L.27 Design Patterns [1] & [2] (CANCELED)

Patterns improve designs by replacing an ad hoc approach with a successful one. Design patterns also promote reuse, which has the immediate benefit of reduced training, implementation and maintenance costs, and longer-term benefits of encouraging and reinforcing consistency and standardization. Reuse at more abstract levels enables interoperability between systems that follow patterns that differ at more concrete levels. The design patterns for information systems and services span the broad “abstraction hierarchy” we’ve talked about when modeling processes. For example, we can describe business activity using: • Business model or organizational patterns: marketplace, auction, supply chain, build to order, drop shipment, vendor managed inventory, etc • Business process patterns: procurement, payment, shipment, reconciliation, etc. • Business information patterns: catalog, purchase order, invoice, etc. and the information components they contain for party, time, location, measurement, etc.

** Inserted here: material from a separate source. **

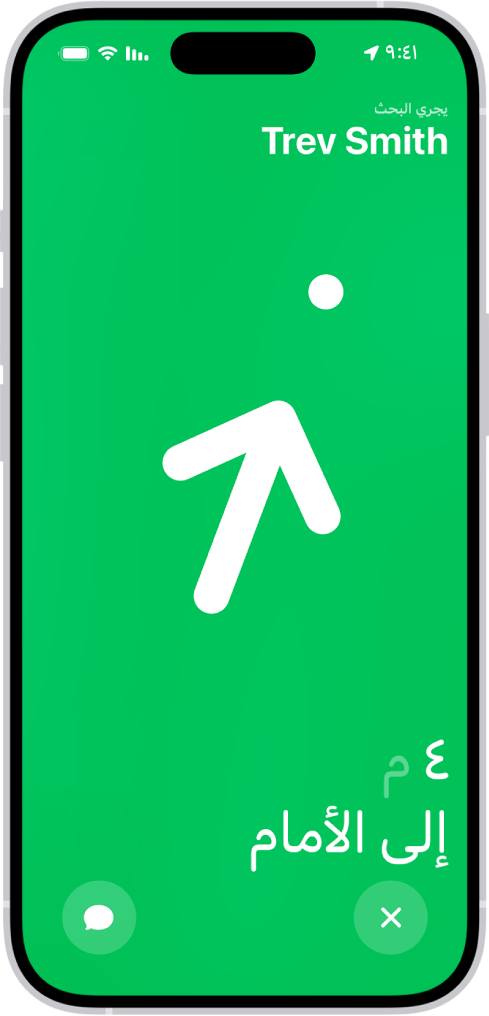 اسم الشخص الذي يتم تحديد موقعه باستخدام العثور الدقيق يظهر في الزاوية العلوية اليمنى، ويشير السهم باتجاهه مع تقدير مدى بعده. في الجزء السفلي من الشاشة، تظهر أزرار لإغلاق العثور الدقيق وإرسال رسالة إلى الشخص.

Many design patterns for service experiences are abstract qualitative depictions of the "value chains" that create positive outcomes for customers or other stakeholders. They provide frameworks for design choices that encourage or constrain the experiences, so they can serve as templates for a set of related service offerings that vary in the number or intensity of encounters or co-production. Traditional service design mechanisms like scheduling and demand management can be used as patterns in this way.